Your not wrong hodgie, have been looking for a good while now and am yet to find a relatively standard example. Ideally uk spec model too  just to make things harder!!


----------



## davewelch00 (Sep 25, 2008)

nismo22 said:


> I bought my 34 GTR at 21, only way i got insured was to get trade insurance with my dad an brother on the policy...
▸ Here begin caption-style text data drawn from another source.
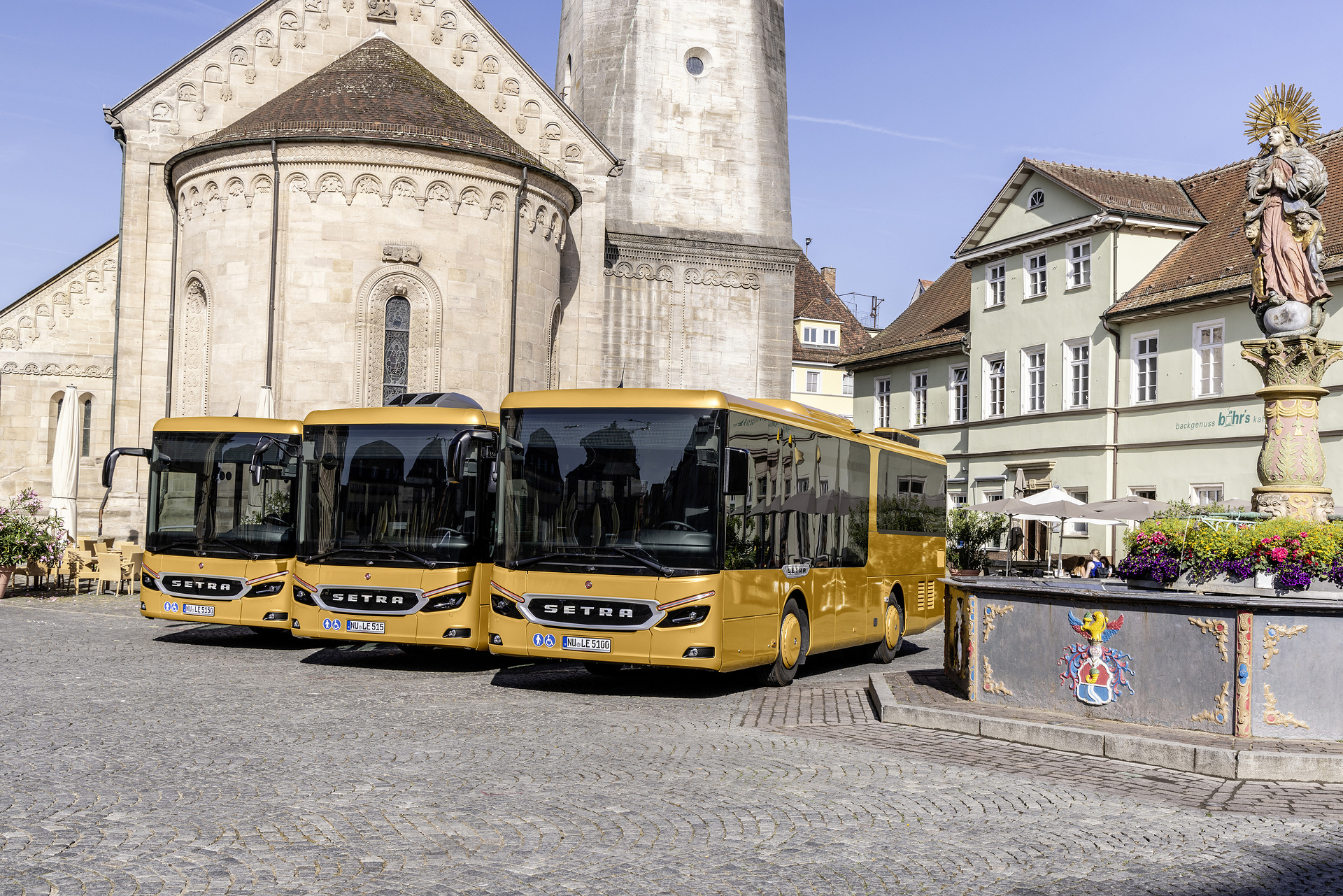 Setra MultiClass 500 LE, S 510 LE, S 515 LE, Honiggelb metallic Pressefahrt Schwäbisch Gmünd: Die neue Setra MultiClass 500 LE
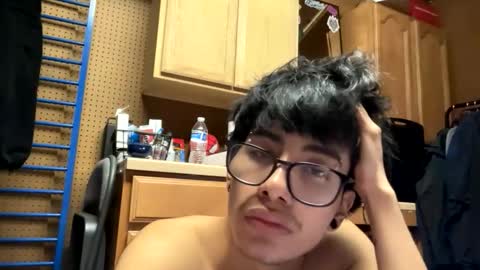 eliasssandres online show from March 8, 6:45 pm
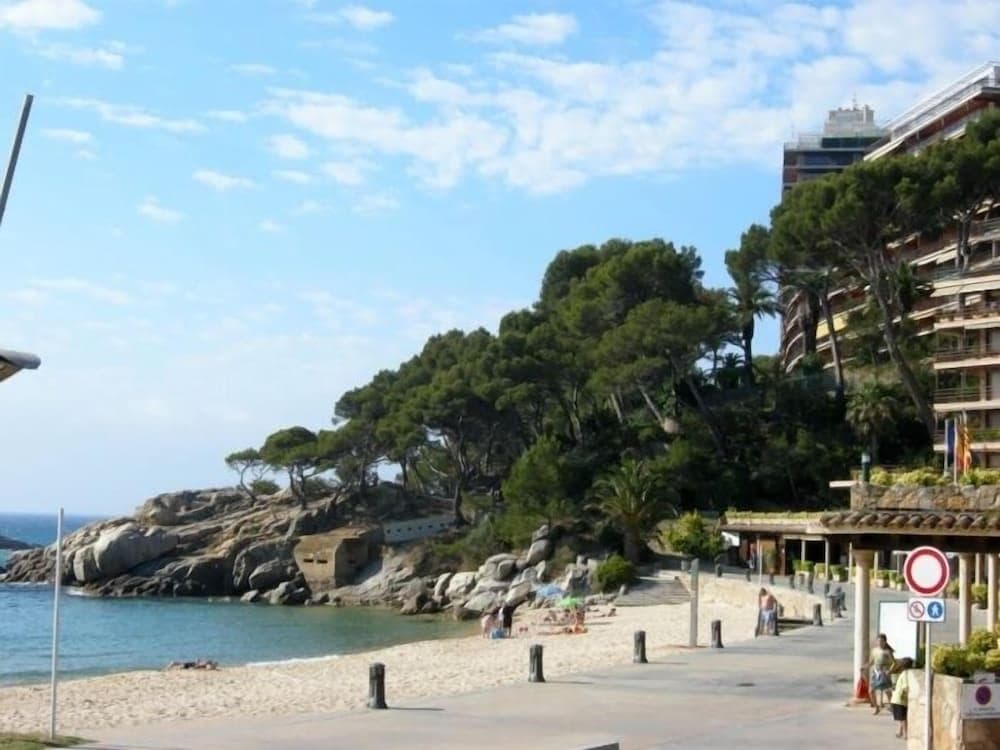 Eden Mar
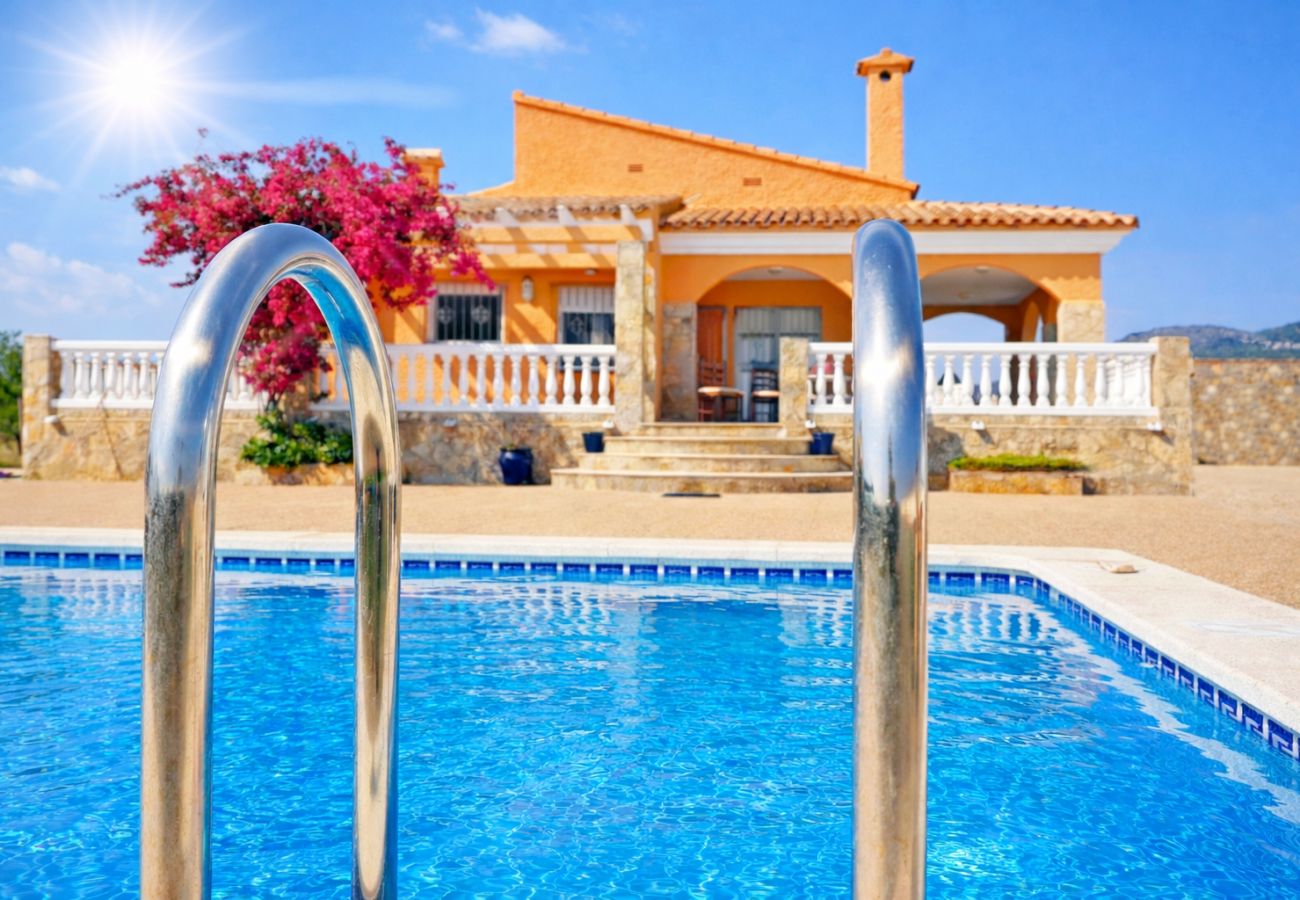 Villa à Alcocebre / Alcossebre - Villa con Piscina Privada y 2.000m² de Jardín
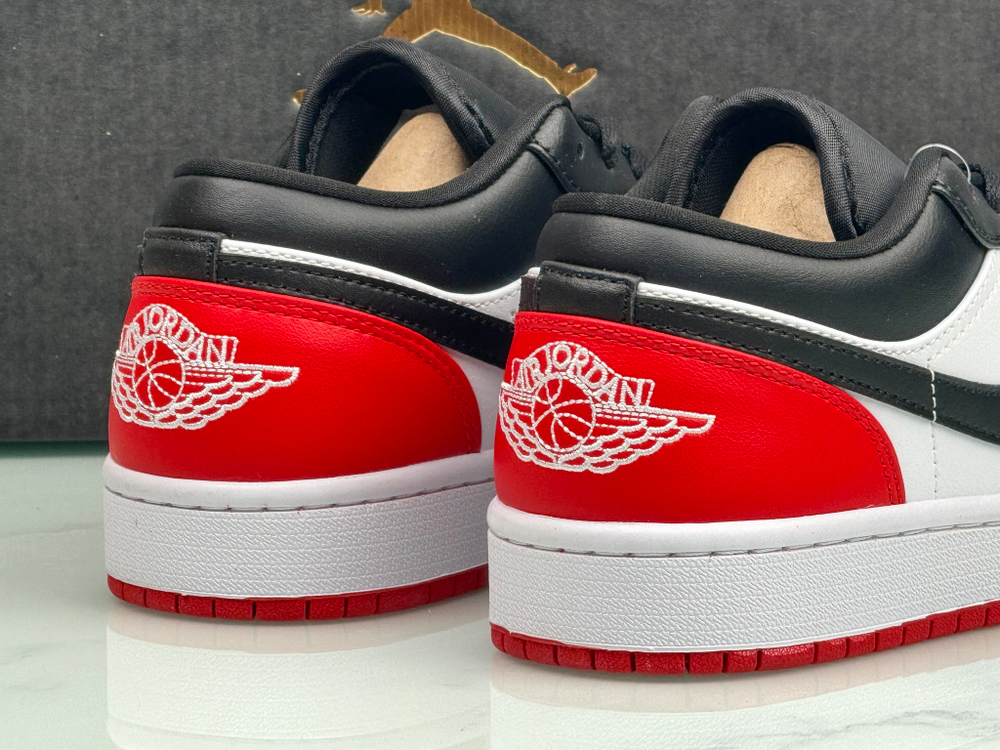 Nike Air Jordan 1 Low Bred Toe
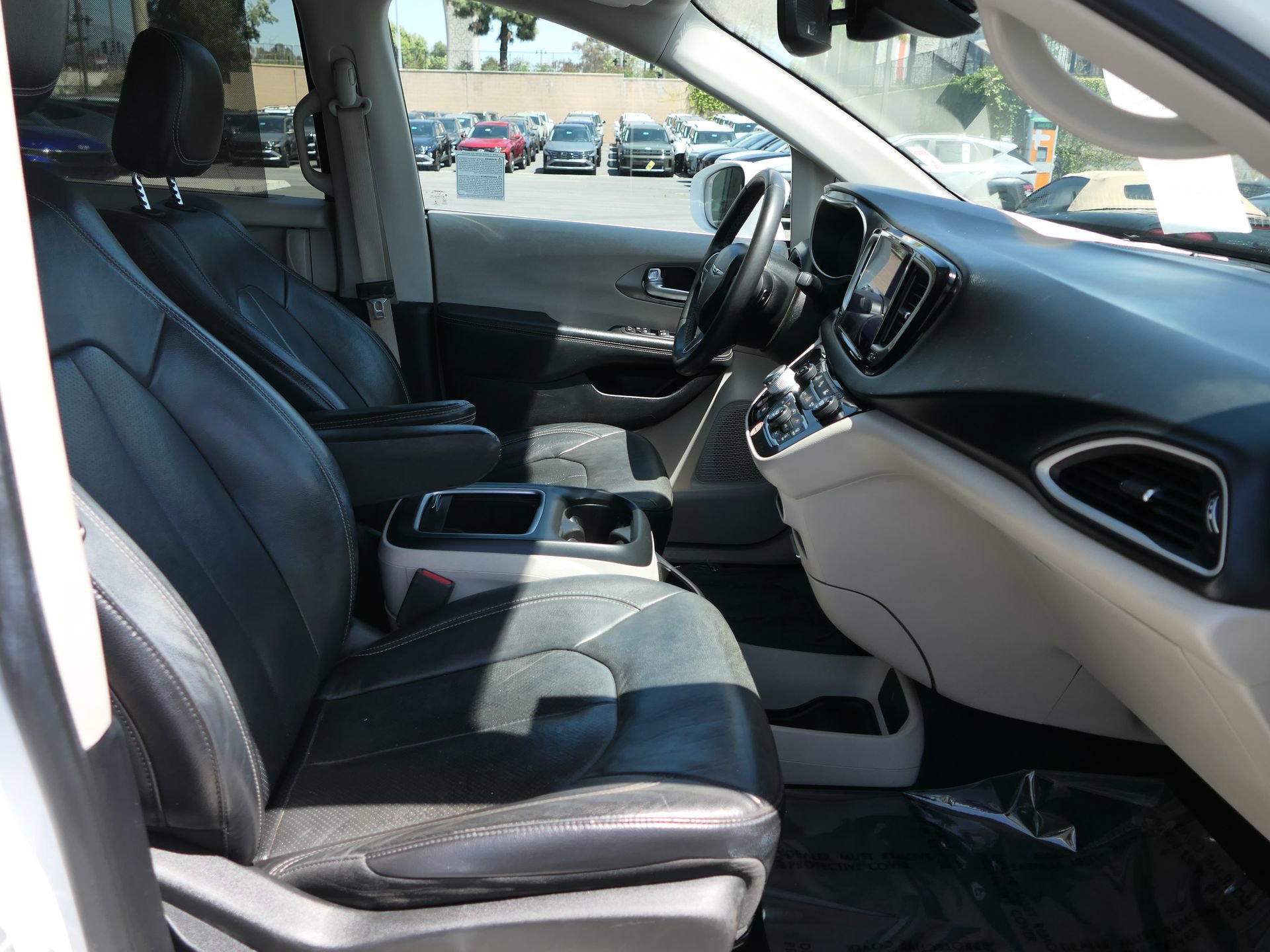 Used 2022 Chrysler Pacifica Touring-L image 27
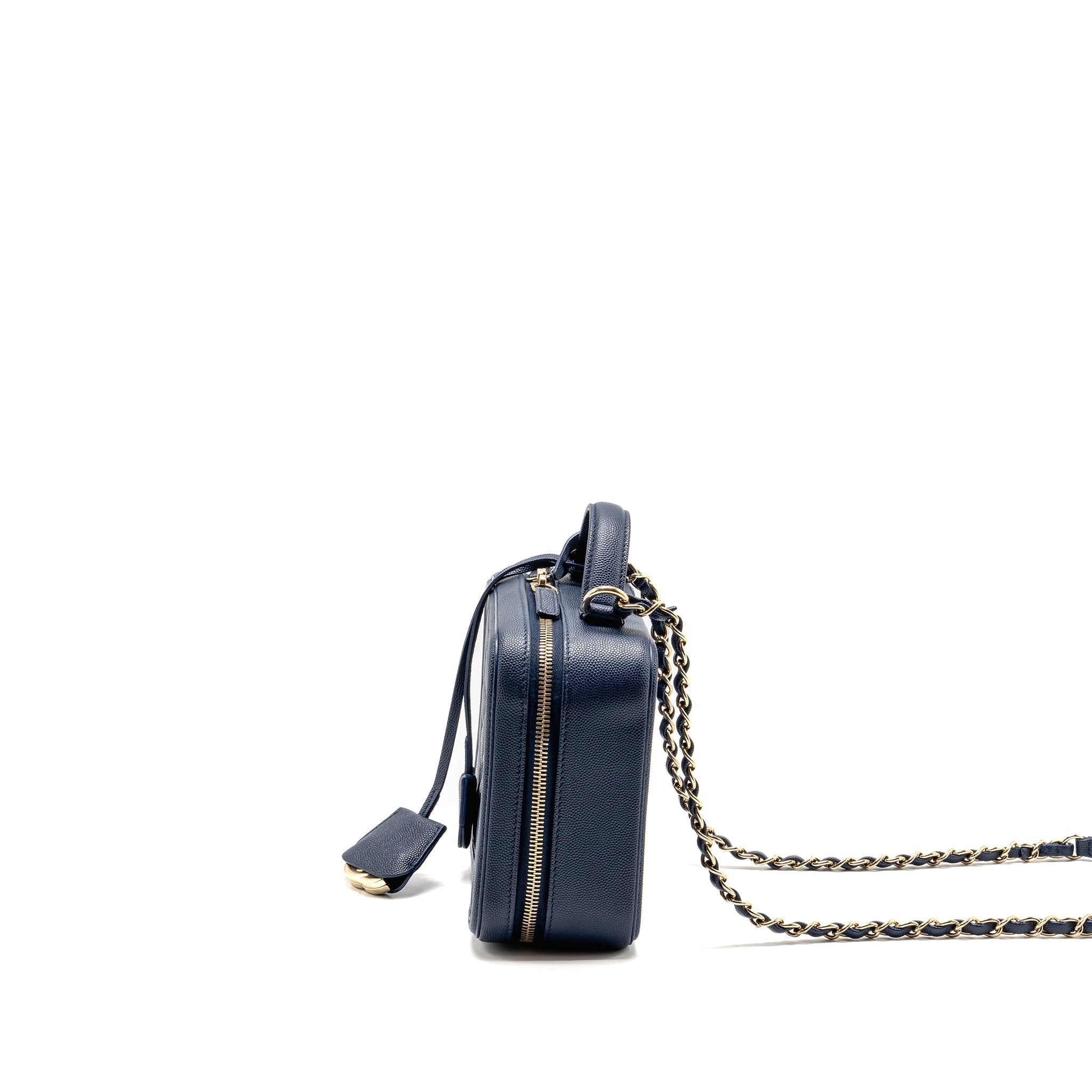chanel-blue-case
Presumably, trader does not mean solely car sales then, I could have my own ebay store for example sellingg odds and ends, or an online business??


----------



## asiasi (Dec 22, 2007)

No mate,motor trade insurance only.


----------



## GTR FREAK! (May 15, 2008)

ASIASI - afraid your wrong there. My uncles all have trade insurance as they have building businesses, therfore no motor trade necessary


----------



## davewelch00 (Sep 25, 2008)

Thats what I was thinking GTR Freak, so the trade could be something as simple as a home business??


----------



## asiasi (Dec 22, 2007)

Learn something new every day,apologies.


----------



## see_no_evo (Sep 10, 2007)

surley you would have to show that u use the cars for trade use aswell?? i am just askin?


----------



## G40tee (Feb 25, 2008)

from what i have seen the business has to have some use of cars, etc valeters, builders with work cars, mechanics etc.

have a look on tradex website, google 'tradex' that will give you a list of what kinds of businesses they insure.


----------



## davewelch00 (Sep 25, 2008)

What are the main diffrencees between the R33 and R34 please? As ive said im aiming for a 34, but there seems to be quite substantial savings with current 33 prices.


----------